# Clearwater cylinder head is unprofessional



## THE GUY ON THE INTERNET (Feb 5, 2010)

These guys are trash, they advertise their products, Cylinder Heads, as rebuilt. I got one from them after having a VR melt down. They sent me used cams and lifters. I could live with used cams only. One cam had a dent in it. I called them out on it and their first response was to have me send it back and they would refund me. They are unprofessional and if I had pics I would post them just so you coudl see how bad the dent in the cam was. All they do is take a used old cylinder head and shine it up and resell it. DONT EVER USE THEM!


----------



## jessturbo (Oct 7, 2010)

dam i would be sooo pissed !! they should be giving u free stuff right now!:banghead:


----------



## THE GUY ON THE INTERNET (Feb 5, 2010)

*They just started yelling*

All they did was yell and get pissed.
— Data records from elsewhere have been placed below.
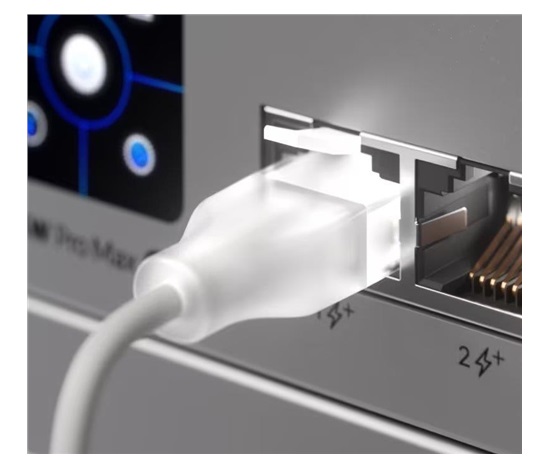 UBNT UniFi Etherlighting Patch kabel 0,15m, bílý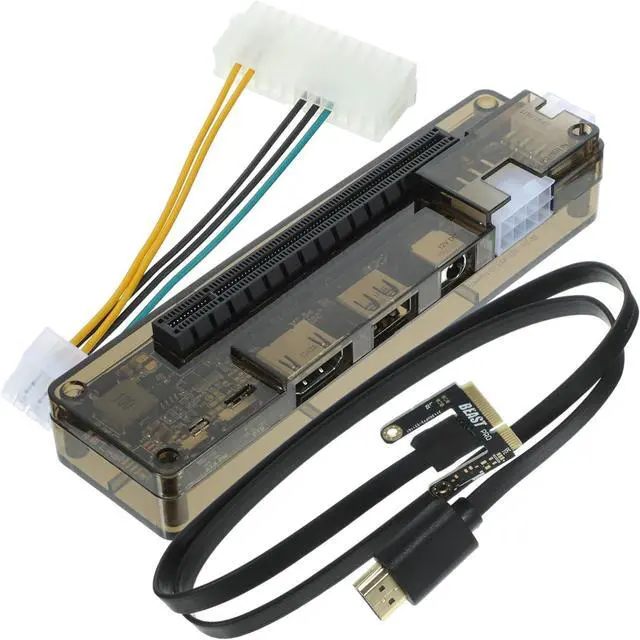 Main image of Graphics Card Expansion Dock External Gpu for Laptop Portable No Installation Required Random Style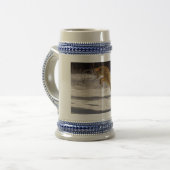 Chope À Bière Saut de la foi Stein (Devant gauche)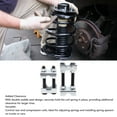thumbnail image 3 of 2 Way Adjustable Coil Spring Spacer, Versatile 1in To 2in Lift Or Lowering Height Coil Spring Compressor 4 Sets  for Car, 3 of 7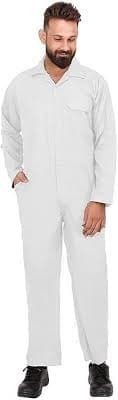 Amazon.com: RK_Enterprises Workwear Men's 100% Cotton Full Sleeve Coverall for Industrial Use Size : XL. Multicolor: Clothing, Shoes & Jewelry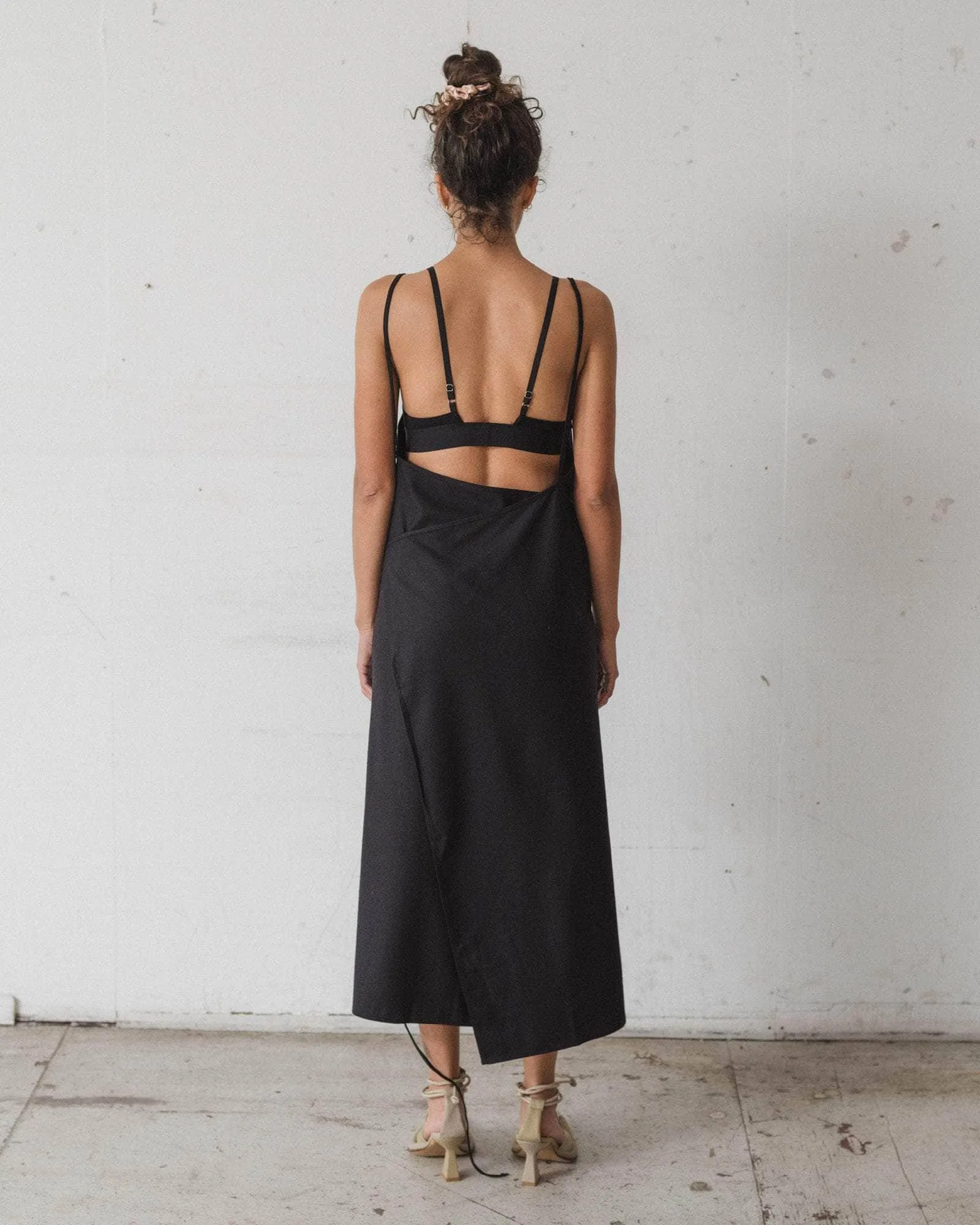 Yumi Apron Dress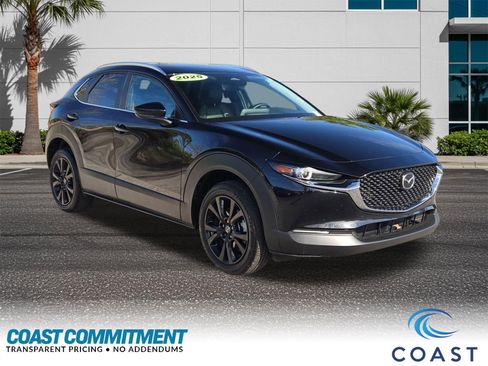 Used 2025 MAZDA CX-30 AWD 2.5 S w/ Select Sport Pkg image 4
Very unprofessional. I just dont want others to have to deal with their ****. LOL,I kept the core and they already gave me the money for the core. They are getting **** from me.


----------



## SGLoki (Dec 12, 2004)

ummm thanks for the warning, but you stealing from them doesn't make it look like anyone in this situation is being professional, and calls your character into doubt.


----------



## masterqaz (Oct 5, 2007)

Id keep the money to. Label it a charge to wasting my time. headaches are time and time is money


----------